Although James politely ignored Super, the wayward gankbear took this as a sign, that James wanted the alliance to be a roleplay guild. This led to the August intervention in Discord, where Loyalanon, Globby, and Tweeps found common cause in their disdain. It was here that Loyalanon famously said, “We need Aiko on this big CODE. dick. Am I right, boyos?” I was truly flattered, and the succession crisis was over.

BONUS CONTENT

Lazar us (aka Coach Subway) continues to entertain with salty plebbery.

It is a mystery, why he streams daily, and then always regret his decision. Fortunately, there has been a committed effort to preserve the historical record. I enjoyed Episode 4! Of course, Lazar us has vowed to file an international justice lawsuit, to remove his public content from the public domain. Good luck!

I recently made an appearance on Twitch, where Coach confronted me.

He doesn’t like women.

He’s in love with Evan.

He doesn’t like that I’ve dunked on him repeatedly.

He began to cry, irl.

He began to curse.

He continued to cry.

He was feeling emotional.

He is running out of money.

Eventually, James came to my rescue. My hero!

It was a fun time!

w/e busy

I will be submitting the new alliance logo soon, so if you have any suggestions, this would be the time. Of course, I’ve got a fair idea what I will go with, but we will see. Anyways, I’d like to show you the current frontrunner.

Wow, Sargon, that’s really great!

My alliance is the best ever, mainly because me.
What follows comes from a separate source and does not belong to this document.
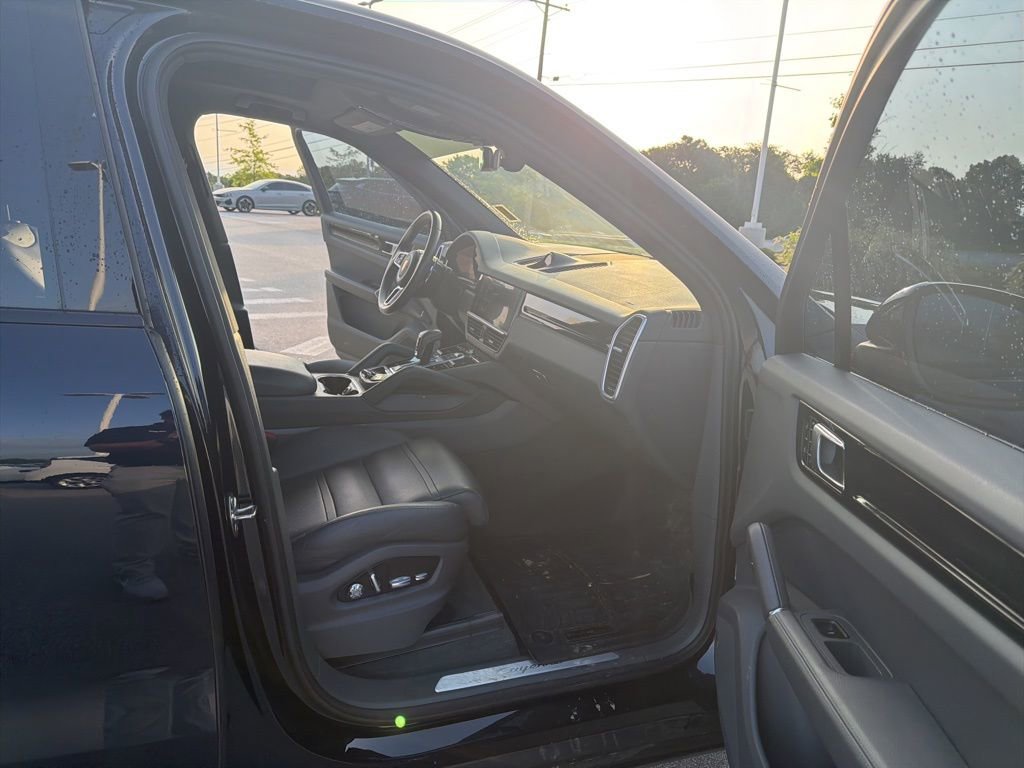 Used 2019 Porsche Cayenne AWD/4WD image 28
A lot of people just don’t get it.

Here’s a hint: I’m awesome!

I’m just the best.

EVE needs me, and I know it.

So make sure to send me all your isk…

…and I might even acknowledge you!

Ok, I’m busy now.

Uh, bye.

=BONUS CONTENT=

WoW! Check out this amazing article, published by EVE Onion!

WoW! Check out this amazing short story, published by CCP!

Outstanding!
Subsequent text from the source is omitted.